Editors: Noah Arceneaux (San Diego State University) and Anandam Kavoori (University of Georgia)
Peter Lang Publishing
We are currently seeking contributions for The Mobile Media Reader, an anthology to be published by Peter Lang in 2012. This project began as an update of The Cell Phone Reader, a 2006 anthology of critical studies of various aspects of mobile communication. Given the dramatic and ongoing technological changes associated with mobile devices, we have now decided to compile an entirely new set of essays.

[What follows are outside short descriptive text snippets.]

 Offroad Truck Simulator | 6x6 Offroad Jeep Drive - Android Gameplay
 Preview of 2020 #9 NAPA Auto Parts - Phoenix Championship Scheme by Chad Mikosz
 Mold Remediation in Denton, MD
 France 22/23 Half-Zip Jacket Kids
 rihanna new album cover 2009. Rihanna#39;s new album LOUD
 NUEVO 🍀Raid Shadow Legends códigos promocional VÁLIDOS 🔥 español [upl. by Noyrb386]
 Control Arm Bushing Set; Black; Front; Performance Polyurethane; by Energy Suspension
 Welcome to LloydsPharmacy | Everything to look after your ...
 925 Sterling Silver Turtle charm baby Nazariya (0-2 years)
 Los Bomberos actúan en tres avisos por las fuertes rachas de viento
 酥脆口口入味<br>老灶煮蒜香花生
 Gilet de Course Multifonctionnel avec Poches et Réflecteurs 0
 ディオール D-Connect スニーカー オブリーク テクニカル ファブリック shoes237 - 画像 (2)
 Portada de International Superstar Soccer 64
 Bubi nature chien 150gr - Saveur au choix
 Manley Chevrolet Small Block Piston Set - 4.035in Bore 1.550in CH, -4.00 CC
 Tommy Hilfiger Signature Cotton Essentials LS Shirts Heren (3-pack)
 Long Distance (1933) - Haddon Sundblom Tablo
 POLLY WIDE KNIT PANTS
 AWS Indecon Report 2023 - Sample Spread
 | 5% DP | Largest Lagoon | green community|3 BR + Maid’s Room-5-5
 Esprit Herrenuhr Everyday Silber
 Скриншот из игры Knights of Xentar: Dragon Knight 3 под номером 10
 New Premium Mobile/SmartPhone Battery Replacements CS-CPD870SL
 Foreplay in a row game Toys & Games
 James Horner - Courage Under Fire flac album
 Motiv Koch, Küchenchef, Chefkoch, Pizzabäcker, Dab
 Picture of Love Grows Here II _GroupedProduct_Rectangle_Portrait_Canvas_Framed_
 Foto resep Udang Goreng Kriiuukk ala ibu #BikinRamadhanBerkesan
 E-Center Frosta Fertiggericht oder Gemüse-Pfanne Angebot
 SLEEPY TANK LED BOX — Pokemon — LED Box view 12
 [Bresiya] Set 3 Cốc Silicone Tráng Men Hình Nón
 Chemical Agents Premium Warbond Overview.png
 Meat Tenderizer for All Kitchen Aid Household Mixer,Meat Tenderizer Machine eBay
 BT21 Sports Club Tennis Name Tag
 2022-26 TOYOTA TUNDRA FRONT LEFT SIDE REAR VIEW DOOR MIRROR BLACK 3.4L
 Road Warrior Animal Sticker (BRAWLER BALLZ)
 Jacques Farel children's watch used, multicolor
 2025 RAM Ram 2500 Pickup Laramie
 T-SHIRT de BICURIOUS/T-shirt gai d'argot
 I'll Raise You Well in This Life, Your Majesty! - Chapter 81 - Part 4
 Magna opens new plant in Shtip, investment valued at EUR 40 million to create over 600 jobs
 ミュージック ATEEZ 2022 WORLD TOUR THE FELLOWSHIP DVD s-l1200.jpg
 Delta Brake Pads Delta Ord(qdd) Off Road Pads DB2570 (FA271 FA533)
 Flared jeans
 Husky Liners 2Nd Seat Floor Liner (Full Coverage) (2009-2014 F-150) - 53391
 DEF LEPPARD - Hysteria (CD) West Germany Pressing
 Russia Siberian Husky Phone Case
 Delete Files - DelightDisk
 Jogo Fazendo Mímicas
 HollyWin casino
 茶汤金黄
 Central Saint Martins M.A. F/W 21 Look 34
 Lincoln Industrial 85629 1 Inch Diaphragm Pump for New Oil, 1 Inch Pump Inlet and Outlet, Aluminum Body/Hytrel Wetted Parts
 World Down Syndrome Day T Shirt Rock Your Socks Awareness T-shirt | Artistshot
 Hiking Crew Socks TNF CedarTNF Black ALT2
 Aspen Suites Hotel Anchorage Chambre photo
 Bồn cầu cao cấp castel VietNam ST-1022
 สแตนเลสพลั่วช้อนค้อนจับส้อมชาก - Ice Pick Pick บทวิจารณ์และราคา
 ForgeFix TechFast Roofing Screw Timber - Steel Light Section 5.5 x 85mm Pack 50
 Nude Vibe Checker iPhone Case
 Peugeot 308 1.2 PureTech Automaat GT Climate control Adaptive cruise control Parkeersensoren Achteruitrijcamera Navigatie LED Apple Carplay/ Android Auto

The hype and hyperbole associated with mobile media recall the utopian hopes described by Carey and Quirk in their classic essay “The Mythos of the Electronic Revolution.” Portable, hand-held devices, originally designed for voice communication, are now promoted as the latest technological device necessary to live a complete, 21st century, middle-class life. Meanwhile, all of the established media industries, including television, film, music, and print, seek to reach consumers through mobile devices, altering their products and economic models in order to do so. In light of these developments, this anthology seeks historical studies and culturally informed critiques of different forms of mobile media. We are especially interested in essays that reveal earlier precedents for this current phenomenon, or works that reveal how business models and theories developed in the past should be re-evaluated for mobile audiences.
The following list indicates the range of potential topics.
- Location-based advertising
- Privacy and surveillance concerns related to mobile devices
- Government efforts to restrict mobile communication
- New forms of television, designed for mobile devices
- Ringtones as a new musical genre
- History of hand-held video games
- Cultural reception of the Walkman
- Politics of spectrum allocation
- Innovative uses of mobile communication by ethnic/racial/cultural groups
Those interested in contributing should send an abstract (500 word max.) to
Noah Arceneaux by October 22, 2010:
Abstracts accepted until October 22, 2010.
Contributors notified by November 26, 2010.
First drafts (6,500 words, Chicago Style) due May 16, 2011.